Short web captions:
--

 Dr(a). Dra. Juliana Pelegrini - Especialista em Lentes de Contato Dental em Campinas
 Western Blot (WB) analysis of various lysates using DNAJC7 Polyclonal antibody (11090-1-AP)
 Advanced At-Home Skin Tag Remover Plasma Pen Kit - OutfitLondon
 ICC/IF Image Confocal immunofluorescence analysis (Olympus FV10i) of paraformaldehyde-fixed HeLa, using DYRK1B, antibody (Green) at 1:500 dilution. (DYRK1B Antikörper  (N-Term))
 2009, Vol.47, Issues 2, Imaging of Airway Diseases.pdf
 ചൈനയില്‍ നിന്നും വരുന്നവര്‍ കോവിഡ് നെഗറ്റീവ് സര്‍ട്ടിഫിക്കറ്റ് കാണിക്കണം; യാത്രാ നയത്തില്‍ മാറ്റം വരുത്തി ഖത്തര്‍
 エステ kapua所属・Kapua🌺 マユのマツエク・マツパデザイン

--

* _Work to be completed_
In the entries above, tally the lines containing the word "using" and return only the tally.

* _Your response_
2